Quabbin Valley Healthcare

MI Elder Abuse Free Legal ConsultationDid someone you love suffer elder abuse or neglect at Quabbin Valley Healthcare? Our lawyers can help.

Abuse of the elderly is not acceptable and we fight hard in these types of cases. If you suspect a nursing home or caregiver has caused harm to your loved one in someone elses’ care, contact our law firm today for a free legal consultation.

Talking to us does not obligate you to anything, but we may be able to tell you if you have a claim and the value of your case. If we accept your case, you pay no fee unless we recover for you.

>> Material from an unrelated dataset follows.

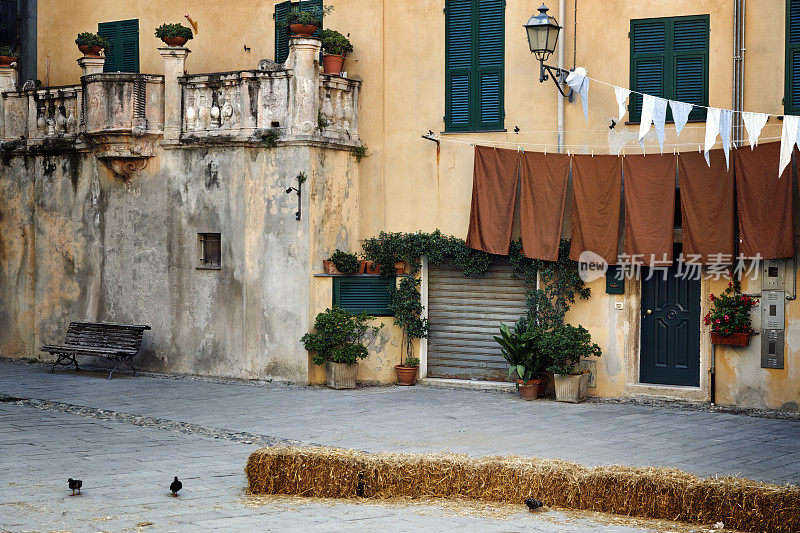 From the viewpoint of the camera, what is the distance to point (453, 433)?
12688 millimetres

About Quabbin Valley Healthcare

Quabbin Valley Healthcare is a for profit, 142-bed Medicare/Medicaid certified skilled nursing facility that provides services to the residents of Athol, Gardner, Winchendon, Fitchburg, Ware,  Amherst,  Holden, Greenfield, and the other towns in and surrounding Worcester County, Massachusetts.

Quabbin Valley Healthcare
821 Daniel Shays Hwy
Athol, MA 01331

Phone: (978) 249-3717
Website: www.quabbinvalleyhealthcare.com

CMS Star Quality Rating

The Centers for Medicare and Medicaid (CMS) rates all nursing homes that accept medicare or medicaid benefits. CMS created a 5 Star Quality Rating System—1 star is the lowest rating and 5 stars is the highest—that look at three areas.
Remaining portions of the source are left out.